## Task goal:
Repeat everything in the listing exactly, except for the images.

## Data:
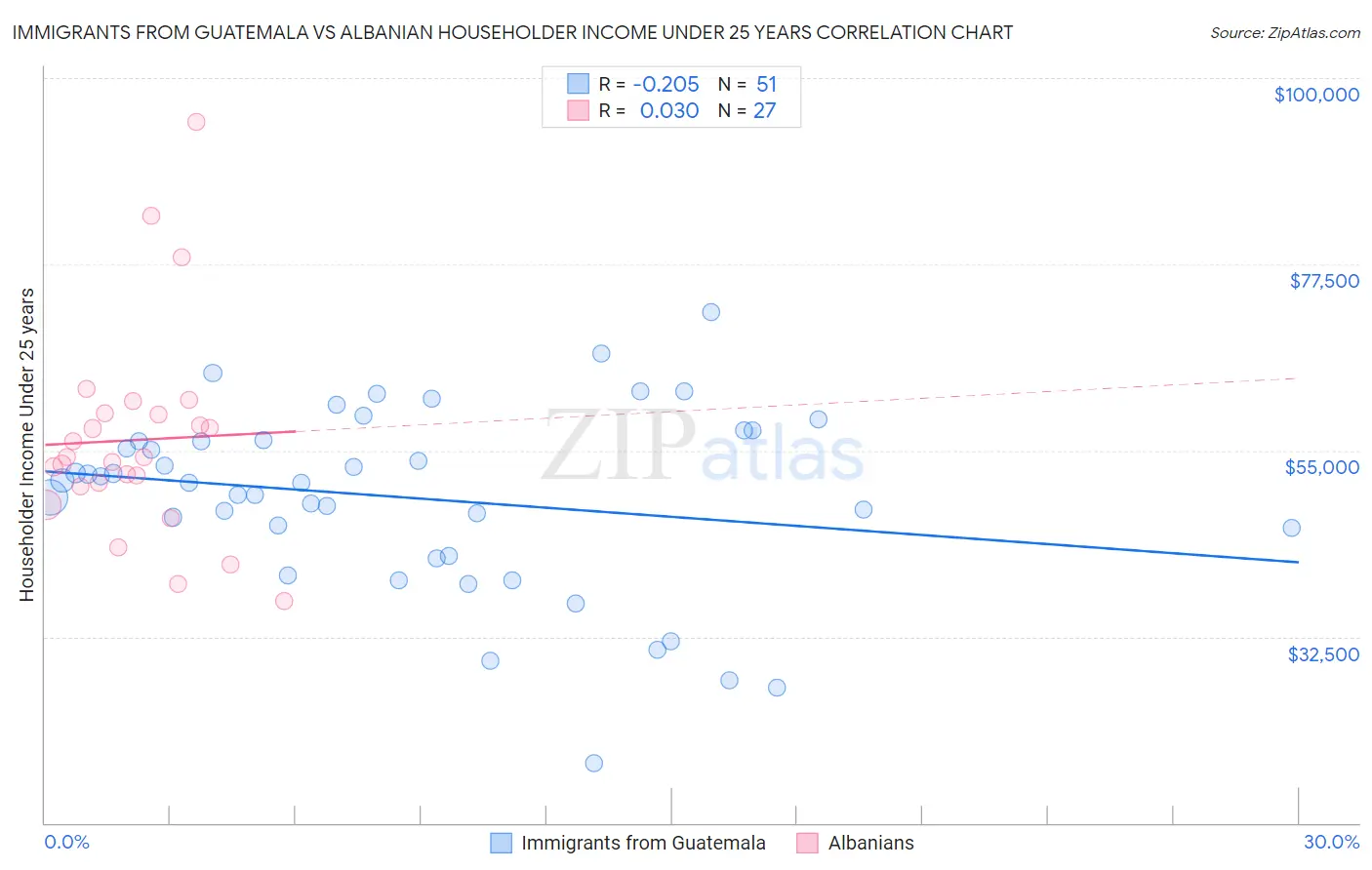 Immigrants from Guatemala vs Albanian Householder Income Under 25 years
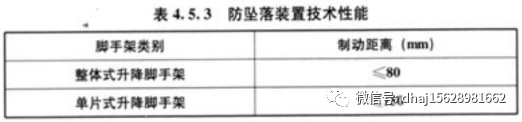 政策法规|新标GB 55023-2022《施工脚手架通用规范》发布（可下载）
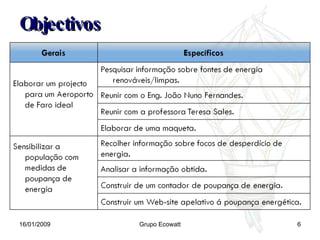 Objectivos 16/01/2009 Grupo Ecowatt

## Result of this exercise:
 Immigrants from Guatemala vs Albanian Householder Income Under 25 years
 政策法规|新标GB 55023-2022《施工脚手架通用规范》发布（可下载）
 Objectivos 16/01/2009 Grupo Ecowatt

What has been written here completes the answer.